━━━━━ EXERCISE MATERIAL ━━━━━

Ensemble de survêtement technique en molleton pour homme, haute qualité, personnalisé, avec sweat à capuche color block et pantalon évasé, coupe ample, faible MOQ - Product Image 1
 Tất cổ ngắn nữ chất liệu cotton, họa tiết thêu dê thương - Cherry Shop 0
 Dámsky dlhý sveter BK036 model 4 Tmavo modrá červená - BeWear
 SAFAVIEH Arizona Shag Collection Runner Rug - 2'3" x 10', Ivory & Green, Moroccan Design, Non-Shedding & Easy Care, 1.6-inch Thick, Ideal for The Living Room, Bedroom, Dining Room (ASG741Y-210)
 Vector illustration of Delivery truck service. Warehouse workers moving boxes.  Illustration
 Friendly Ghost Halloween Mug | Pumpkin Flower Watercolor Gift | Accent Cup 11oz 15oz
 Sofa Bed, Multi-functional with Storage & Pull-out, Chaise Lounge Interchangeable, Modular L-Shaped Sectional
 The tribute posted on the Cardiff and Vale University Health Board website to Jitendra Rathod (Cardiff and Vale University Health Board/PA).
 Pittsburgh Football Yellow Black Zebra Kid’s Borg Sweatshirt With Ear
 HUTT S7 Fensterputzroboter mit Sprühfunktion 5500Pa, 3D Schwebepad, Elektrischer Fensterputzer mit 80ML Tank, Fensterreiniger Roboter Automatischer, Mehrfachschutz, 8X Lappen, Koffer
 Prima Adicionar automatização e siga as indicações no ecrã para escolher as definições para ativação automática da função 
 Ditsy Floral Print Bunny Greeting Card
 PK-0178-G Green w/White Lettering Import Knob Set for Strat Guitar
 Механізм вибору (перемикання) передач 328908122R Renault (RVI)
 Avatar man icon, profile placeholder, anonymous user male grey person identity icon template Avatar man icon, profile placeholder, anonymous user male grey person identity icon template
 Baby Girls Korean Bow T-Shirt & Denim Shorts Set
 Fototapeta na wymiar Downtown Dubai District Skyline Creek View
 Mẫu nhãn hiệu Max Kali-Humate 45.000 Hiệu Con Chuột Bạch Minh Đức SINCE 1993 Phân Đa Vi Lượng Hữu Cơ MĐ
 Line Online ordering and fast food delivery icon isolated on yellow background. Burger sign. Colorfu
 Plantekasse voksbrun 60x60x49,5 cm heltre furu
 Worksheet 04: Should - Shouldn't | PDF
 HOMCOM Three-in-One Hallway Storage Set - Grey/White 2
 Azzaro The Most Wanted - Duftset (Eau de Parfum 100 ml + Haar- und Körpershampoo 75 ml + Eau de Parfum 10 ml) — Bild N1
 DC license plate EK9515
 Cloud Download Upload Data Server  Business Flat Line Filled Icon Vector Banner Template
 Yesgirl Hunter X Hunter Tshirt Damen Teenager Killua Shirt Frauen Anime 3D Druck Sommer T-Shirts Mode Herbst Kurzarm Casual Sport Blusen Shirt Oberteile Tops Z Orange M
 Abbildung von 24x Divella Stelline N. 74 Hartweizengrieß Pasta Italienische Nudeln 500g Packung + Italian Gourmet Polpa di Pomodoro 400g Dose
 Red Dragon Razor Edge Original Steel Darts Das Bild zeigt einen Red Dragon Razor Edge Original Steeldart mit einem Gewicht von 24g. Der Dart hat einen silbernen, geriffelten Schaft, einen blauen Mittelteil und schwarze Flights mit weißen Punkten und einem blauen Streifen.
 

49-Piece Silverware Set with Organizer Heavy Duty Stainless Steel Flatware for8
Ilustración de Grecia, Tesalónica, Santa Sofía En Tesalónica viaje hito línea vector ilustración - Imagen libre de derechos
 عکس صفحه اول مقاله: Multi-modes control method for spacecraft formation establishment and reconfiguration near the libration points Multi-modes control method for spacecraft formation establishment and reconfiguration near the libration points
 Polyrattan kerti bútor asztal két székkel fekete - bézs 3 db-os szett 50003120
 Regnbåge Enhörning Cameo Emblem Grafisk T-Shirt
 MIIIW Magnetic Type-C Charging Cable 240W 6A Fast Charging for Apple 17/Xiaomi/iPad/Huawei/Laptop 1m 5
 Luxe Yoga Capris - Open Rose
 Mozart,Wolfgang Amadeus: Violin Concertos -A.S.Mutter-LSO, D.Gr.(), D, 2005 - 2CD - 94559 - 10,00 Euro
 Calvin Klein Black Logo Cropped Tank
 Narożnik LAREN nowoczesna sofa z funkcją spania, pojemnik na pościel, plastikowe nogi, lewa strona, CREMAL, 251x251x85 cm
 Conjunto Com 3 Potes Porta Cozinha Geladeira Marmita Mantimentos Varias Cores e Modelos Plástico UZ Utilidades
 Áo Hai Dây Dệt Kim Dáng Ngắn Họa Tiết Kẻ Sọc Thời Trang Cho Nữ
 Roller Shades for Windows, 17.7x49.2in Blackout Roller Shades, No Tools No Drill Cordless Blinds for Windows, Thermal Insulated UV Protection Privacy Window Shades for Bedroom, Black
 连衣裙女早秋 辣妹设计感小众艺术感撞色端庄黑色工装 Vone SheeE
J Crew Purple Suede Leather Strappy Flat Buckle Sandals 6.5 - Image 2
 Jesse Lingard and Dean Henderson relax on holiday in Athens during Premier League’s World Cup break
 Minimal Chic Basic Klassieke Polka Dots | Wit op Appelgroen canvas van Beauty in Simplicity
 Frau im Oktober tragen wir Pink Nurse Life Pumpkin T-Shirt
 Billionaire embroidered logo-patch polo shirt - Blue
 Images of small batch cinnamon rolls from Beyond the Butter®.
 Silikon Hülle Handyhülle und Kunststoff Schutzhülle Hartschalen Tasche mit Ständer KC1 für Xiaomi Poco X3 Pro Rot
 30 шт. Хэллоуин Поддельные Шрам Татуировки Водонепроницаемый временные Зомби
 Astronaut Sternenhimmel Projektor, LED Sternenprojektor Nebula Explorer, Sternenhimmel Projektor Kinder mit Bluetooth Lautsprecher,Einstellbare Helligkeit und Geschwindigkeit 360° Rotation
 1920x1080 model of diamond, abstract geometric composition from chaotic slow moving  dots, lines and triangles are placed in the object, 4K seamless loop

━━━━━

TASK GOAL —
Print, without alteration, only the lines above between the one holding "Tất cổ ngắn" and the one holding "HUTT S7 Fensterputzroboter", inclusive.

PROBLEM SOLUTION —
 Tất cổ ngắn nữ chất liệu cotton, họa tiết thêu dê thương - Cherry Shop 0
 Dámsky dlhý sveter BK036 model 4 Tmavo modrá červená - BeWear
 SAFAVIEH Arizona Shag Collection Runner Rug - 2'3" x 10', Ivory & Green, Moroccan Design, Non-Shedding & Easy Care, 1.6-inch Thick, Ideal for The Living Room, Bedroom, Dining Room (ASG741Y-210)
 Vector illustration of Delivery truck service. Warehouse workers moving boxes.  Illustration
 Friendly Ghost Halloween Mug | Pumpkin Flower Watercolor Gift | Accent Cup 11oz 15oz
 Sofa Bed, Multi-functional with Storage & Pull-out, Chaise Lounge Interchangeable, Modular L-Shaped Sectional
 The tribute posted on the Cardiff and Vale University Health Board website to Jitendra Rathod (Cardiff and Vale University Health Board/PA).
 Pittsburgh Football Yellow Black Zebra Kid’s Borg Sweatshirt With Ear
 HUTT S7 Fensterputzroboter mit Sprühfunktion 5500Pa, 3D Schwebepad, Elektrischer Fensterputzer mit 80ML Tank, Fensterreiniger Roboter Automatischer, Mehrfachschutz, 8X Lappen, Koffer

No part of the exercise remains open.